I fare a whole lot better when I do.

Regardless, for me: 8:30 alarm, although I'm usually stirring by then.
Meditate, coffee, email check (I rarely reply at this time). ~9:30 Gym ~11:15
Work

I drink decaf coffee in the afternoon, and decaf tea in the evening (it's not
as good, but cutting the bulk of my caffeine out after my breakfast cup has
really helped my sleep). I try to keep some level of routine/discipline,
including an hour or so to relax before bed, which is usually around
12:30-1am. I forced myself to get up 'early' for a fair while, but after
reading Matthew Walker's "Why We Sleep" ([https://www.amazon.co.uk/Why-We-
Sleep-Science-Dreams/dp/0141...](https://www.amazon.co.uk/Why-We-Sleep-
Science-Dreams/dp/0141983760/)) I just accepted I was more of a night owl and
adjusted accordingly.

------
ainiriand
6am: alarm rings.

6:30am: as I have everything ready I leave for the gym.
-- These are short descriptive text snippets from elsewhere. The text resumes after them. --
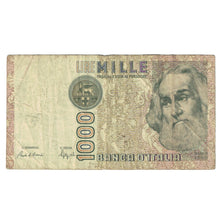 Banknote, Italy, 1000 Lire, 1982, 1982-01-06, KM:109a, VF(20-25)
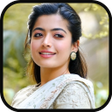 程序图标：Rashmika Mandanna Wallpap…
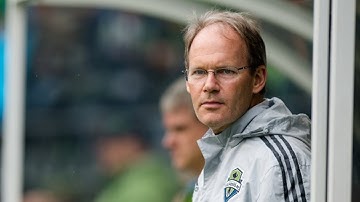 Interview: Brian Schmetzer on the Roman Torres and Robbie Keane match-up
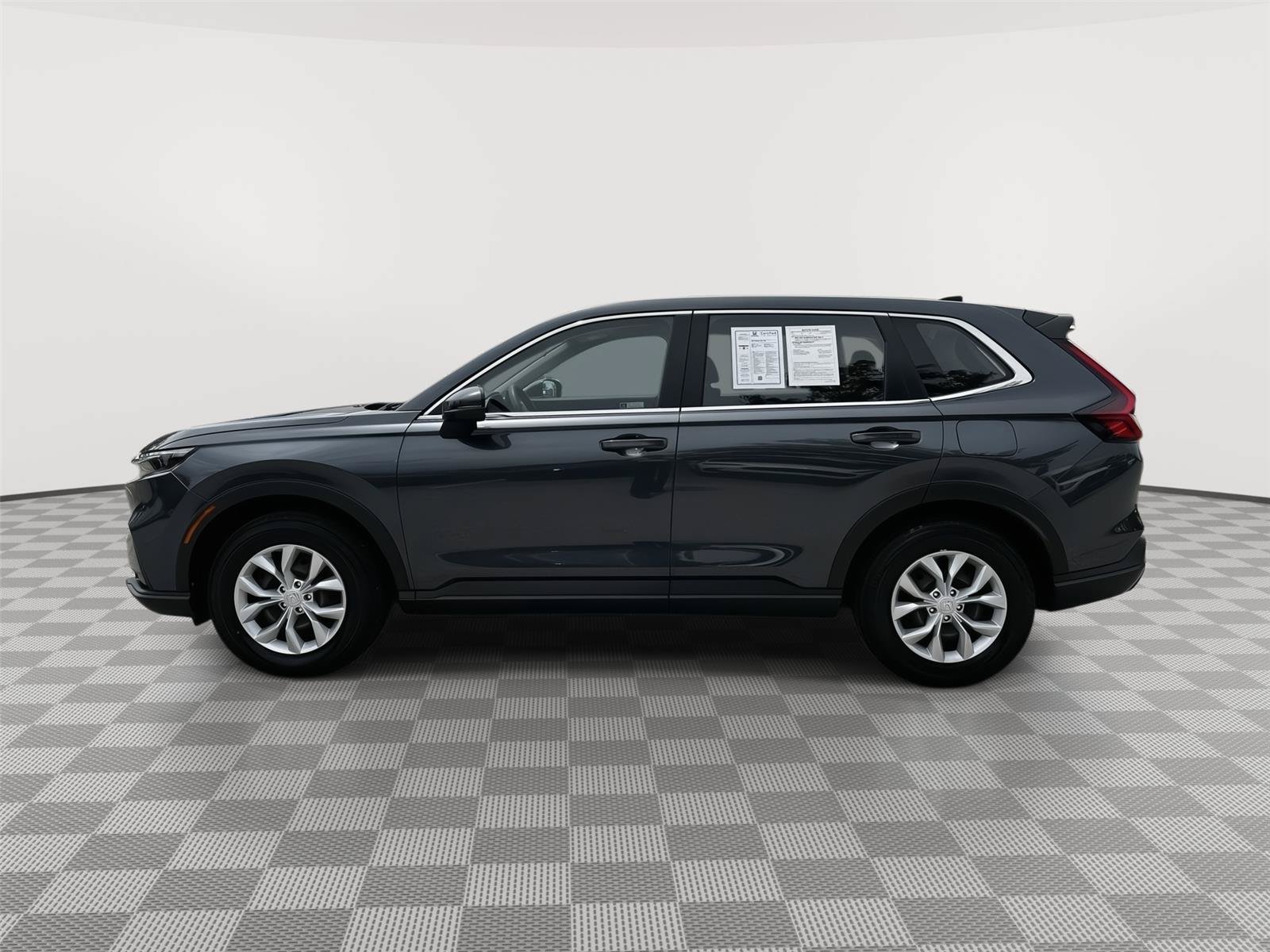 Certified 2024 Honda CR-V LX image 2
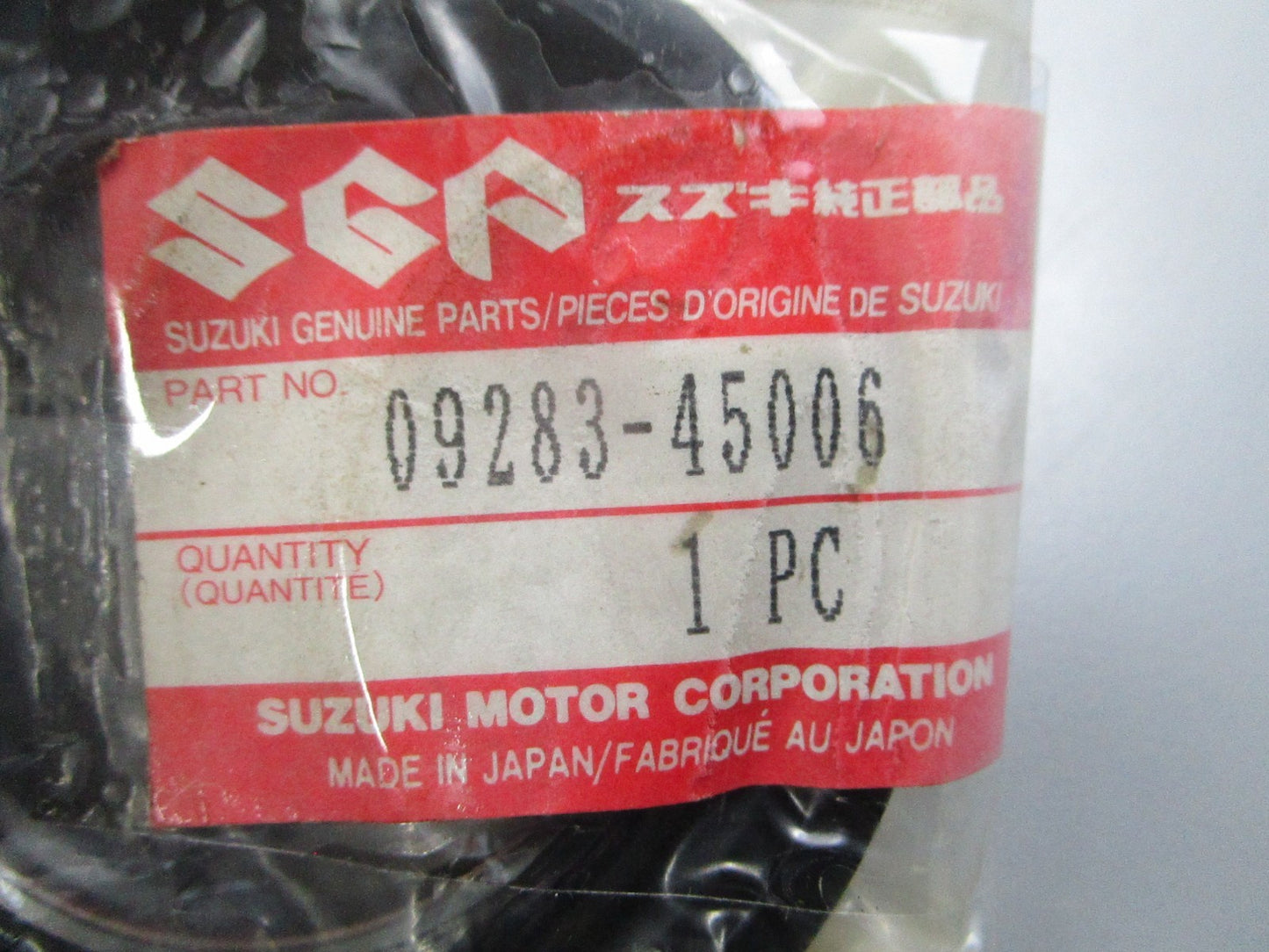 NEW OEM Suzuki 09283-45006 Oil Seal 0810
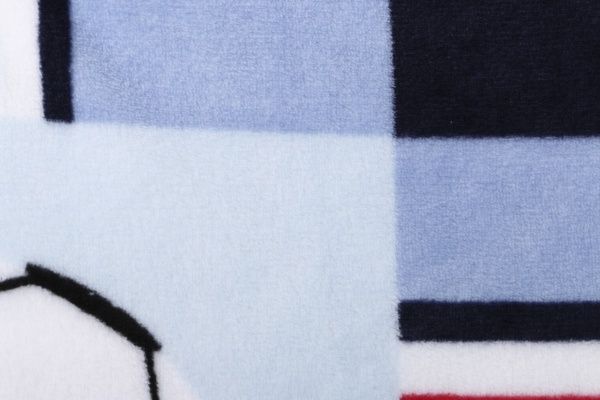 Покрывало Фламинго 190х150 см 150х190 см разноцветный 697-923 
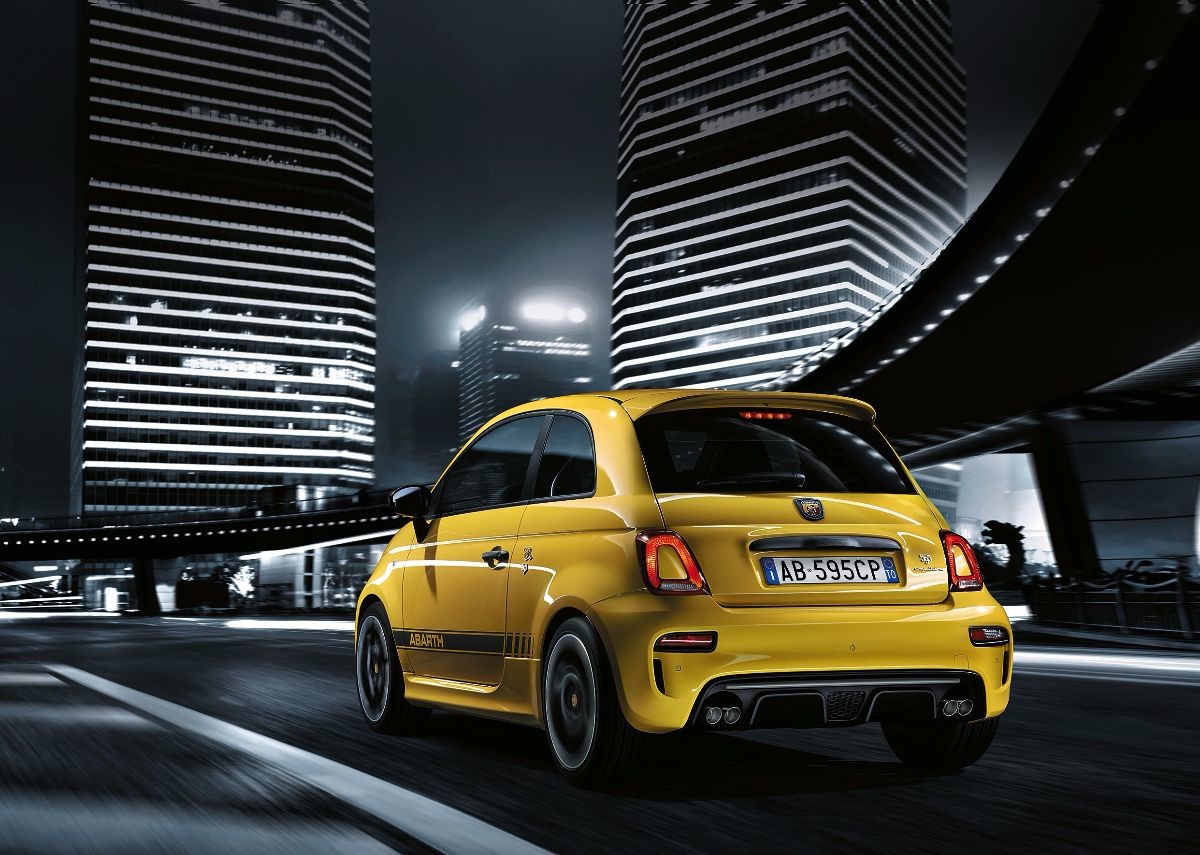 Abarth 595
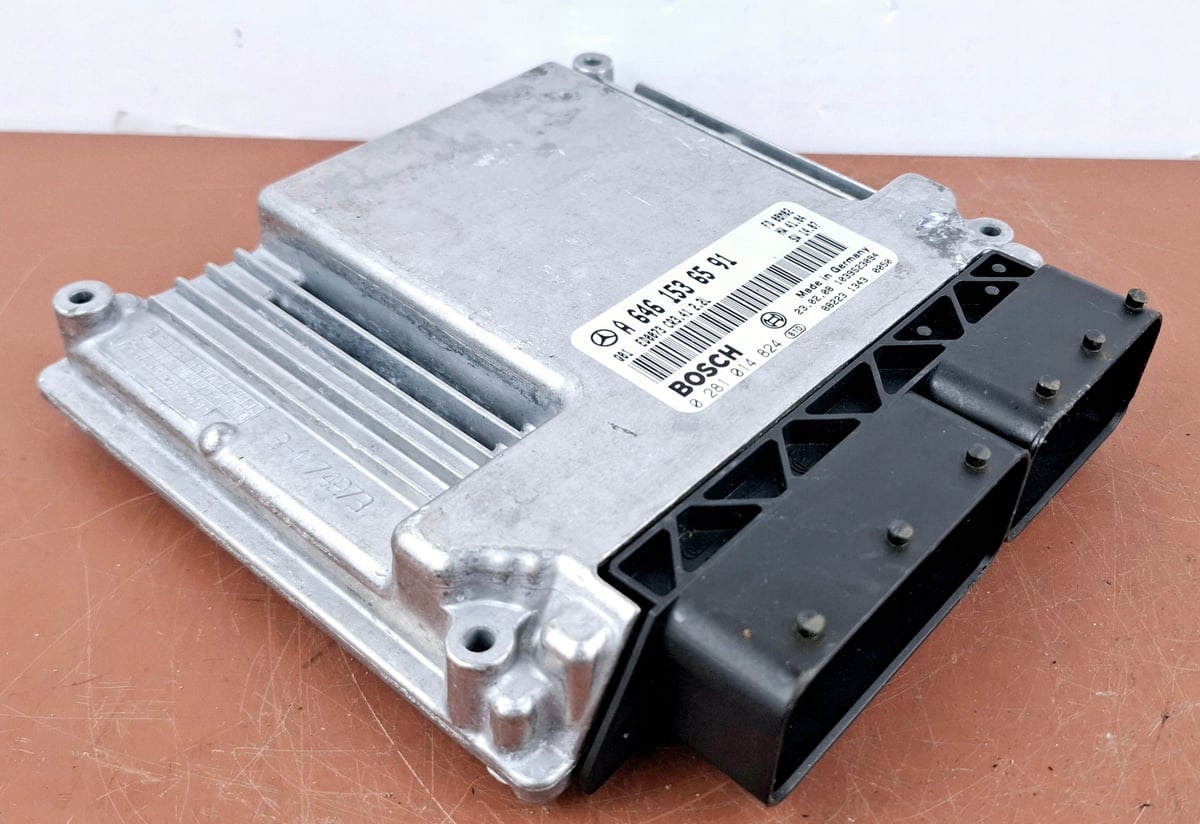 Mercedes-Benz 2.2 CDI Sterownik silnika ECU A6461536591 Nowy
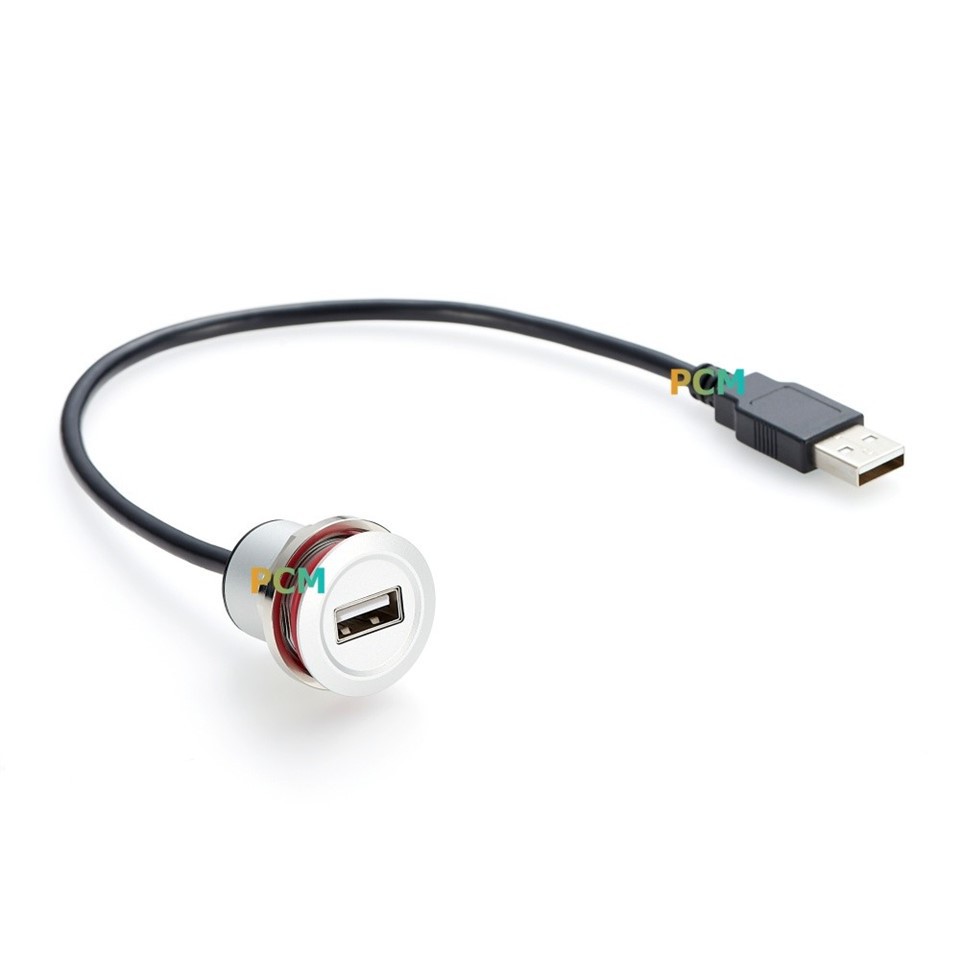 USB 2.0 Panel Mount Extension Cable suppliers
7:30am: coffee and reading.

8:00am: train commute.

8:30: work.

For me the key is going to bed early. Maybe I go to bed at 10:30pm but dont
actually sleep till 11 or 11:30 when cant read anymore.

------
dagw
_I can 't seem to consistently wake up at the hours I want._

Protip! Get a kid and have it be your responsibility they get to school on
time.